19 year old inventor finds way to clean oceans - pedalpete
http://www.dailymail.co.uk/sciencetech/article-2415889/Boyan-Slat-19-claims-invention-clean-worlds-oceans-just-years.html

======
vwinsyee
There was discussed [0] on reddit's front page yesterday.

Key comment from arimaspi quoting from the Foundation's website [1]:

"The last couple of days several (spontaneous) articles have been published,
claiming The Ocean Cleanup Array is a 'feasible method' of extracting plastic
from the gyres. This is an incorrect statement; we are currently only at about
1/4th of completing our feasibility study. Only after finishing that study, we
believe such statements should be made.
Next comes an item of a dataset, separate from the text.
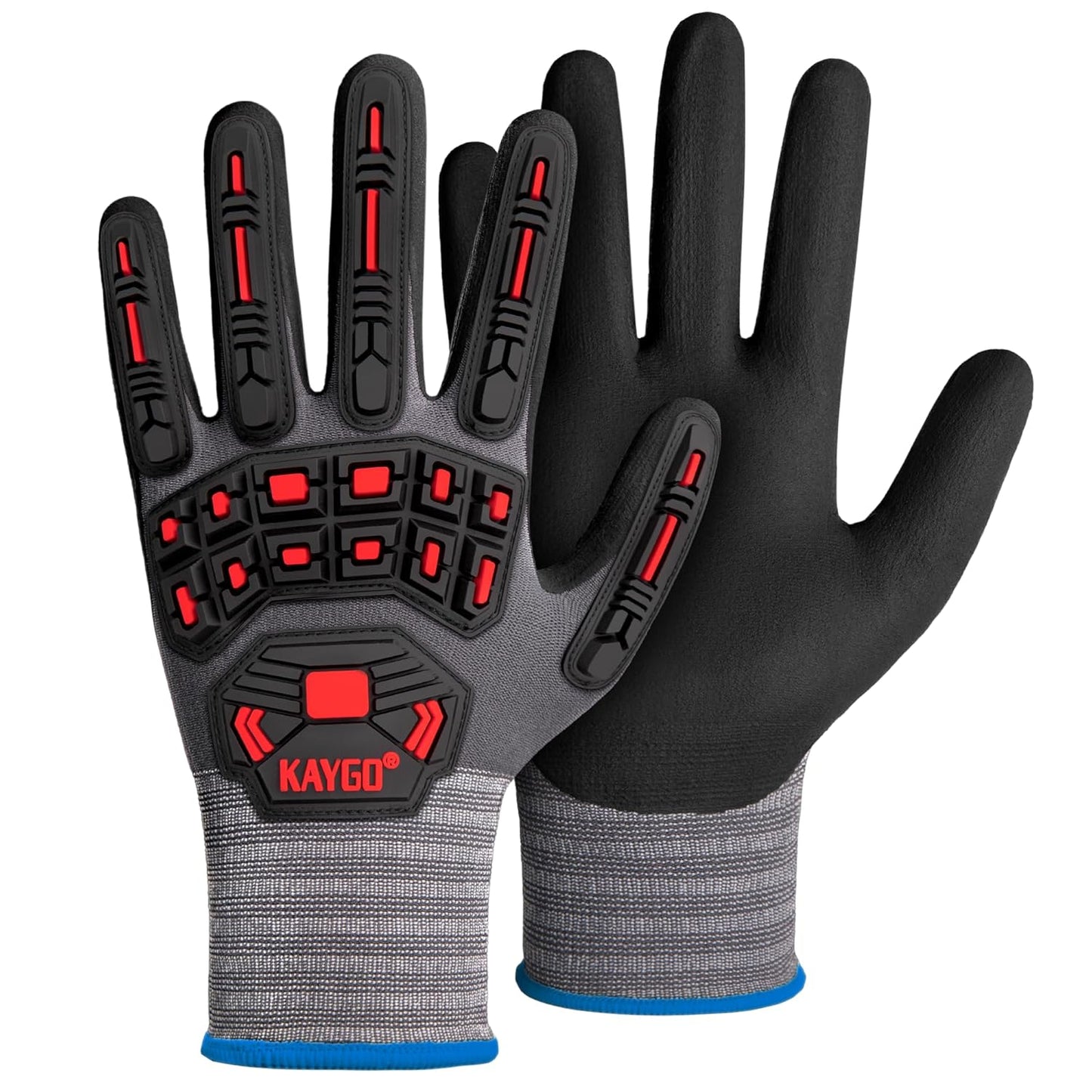 Pair of black and gray gloves with red accents on a white background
Although the preliminary results look
promising, and our team of about 50 engineers, modellers, external experts and
students is making good progress, we had and have no intention of presenting a
concept as a feasible solution while still being in investigative phase.

Please stay tuned for this study, which will be published online in several
months' time.

We kindly request the press to refrain from any further publication, until all
assumptions of this concept have been confirmed.

Thank you."

[0]
[http://www.reddit.com/r/technology/comments/1lzrxc/19_year_o...](http://www.reddit.com/r/technology/comments/1lzrxc/19_year_old_invents_way_to_clean_up_the_worlds/)
[1] [http://www.boyanslat.com/plastic4/](http://www.boyanslat.com/plastic4/)